Amed Zindanının tarihsel gerçekliğinin tutsaklara verdiği ayrı bir maneviyat var. Hem vahşetin, hem direnişin işlerini bu zindanda çok gördüm. Daha önce burada 5 yıl kaldım. Burada tutsaklara yaptırılan tavandaki dev Türk bayrağı hiç söze gerek kalmadan her şeyi anlatıyor. Yine tutsakların kendi renkleri ile koğuşların tavanlarına yaptıkları bayrakların üzerine defalarca boya yapılmasına rağmen kıyıdan köşeden belli eden sarı, kırmızı ve yeşil renkler de her şeyi anlatmaya yetiyor. Bazen duvarların dili olsa da konuşsa diyorum. Baktığım, bastığım her yerin bir anlamı bir geçmişi var. Bu durum yaşananları bir daha anlamlandırmama vesile oluyor. Büyük direnişlerin mekanı dolayısıyla anılarına layık olmak önemlidir.
Sizi bu eyleme iten nedenler neler oldu?
Tarihsel olarak Kürt gerçekliği varlığını sağlama potansiyelini her türlü imha politikası karşısında koruyabilmiştir. Tarihsel köke sahip olan tüm bu politikalar, günümüzde de benzer yöntem ve araçlarla ağırlaştırarak uygulanıyor. Kürt sorununa dönük önceki dönem geliştirilen çözüm arayışları, tekçi ve egemenlikçi iktidar zihniyeti ve politikaları nedeniyle sürekli sekteye uğradı. 2013 Newrozu’nda da Sayın Öcalan’ın Kürt sorununun çözümüne ilişkin yayınladığı mesajı, yeni bir dönemi başlatmıştı. Mesajda Sayın Öcalan’ın Kürt ve Türk halklarının kadim kardeşliğine dikkat çekmiş, ülkenin toplumsal barışına hizmet edecek çözümün kendi öz dinamikleriyle gerçekleşme olasılığını mümkün görerek, kendilerine düşen tüm sorumluluğu alarak, nihai ve kalıcı çözüm için rolünü oynayacağını belirtmiştir.
Sayın Öcalan’ın çözüm konusunda yegane aktör, tek aktör olduğunu herkes kabul ediyor.

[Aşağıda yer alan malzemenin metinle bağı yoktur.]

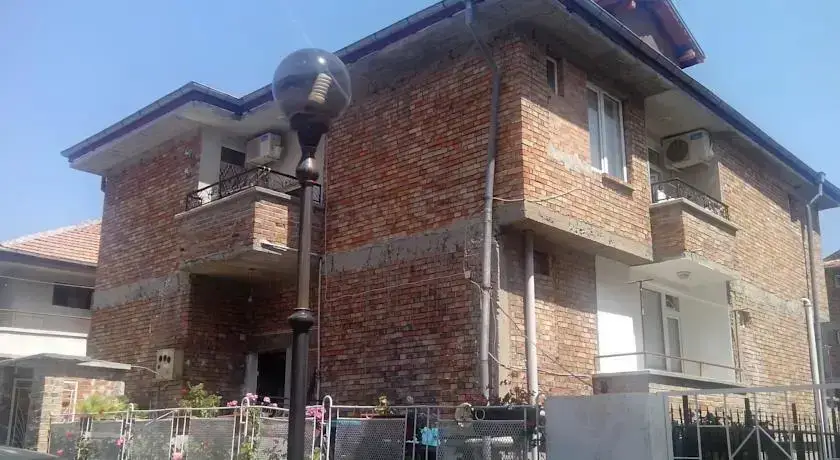 Demirevi Guest House — фото 1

Fakat AKP hükümetinin tekçi ve savaşı dayatan politikaları sürecin bitirilmesine sebep olmuştur. Ülkemiz yeniden bir çatışmalı ortamın ve yıkımın içine sürüklenmiştir. Sayın Öcalan üzerindeki ağırlaştırılmış tecrit bu dönemden sonra başladı. Ne aile ne avukat görüşmeleri yapılamadı. Çözümsüzlüğü dayatan politikalar sorunları ağırlaştırmaktadır. Toplumsal barışın sağlanması konusunda kaybedecek zamanımız kalmadı. Sorunların çözümü kavrandı. Çaba sahibi olan Sayın Öcalan’ın devreye girmesi için öncelikle ağır tecrit koşullarının ortadan kaldırılması gerekiyor. Ulusal ve uluslararası hukuk çerçevesinde koşullarının iyileştirilmesi lazım.

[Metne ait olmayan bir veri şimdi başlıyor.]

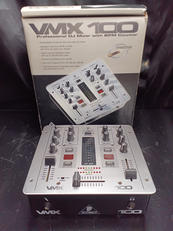 DJミキサー|BEHRINGER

Eyleminizle ilgili başta Eşbaşkanı olduğunuz DTK’ye, milletvekili olduğunuz HDP’ye veya seçmenlerinize bir çağrınız var mı?
Bu konuda tüm demokratik çevrelerin üzerine düşen görev ve sorumlulukların olduğunu düşünüyorum. Tecride karşı sessiz kalınarak çözümsüzlüğü bizler de derinleştiriyoruz. Tecrit Sayın Öcalan şahsında tüm Kürt halkına uygulanmaktadır. Bu tecrit insani ve ahlaki değildir. Halkın seçilmiş bir vekili olarak yaşanan sorunlar karşısında hiçbir şey yapmadan durmayı doğru bulmadım. Toplumsal barışın sağlanması konusunda üzerime düşen her türlü görevi yerine getirmeye hazırım. Özgür irademle açlık grevine girme kararı aldım. Sayın Öcalan avukatları ve ailesiyle görüşene kadar da eylemimi sürdüreceğim.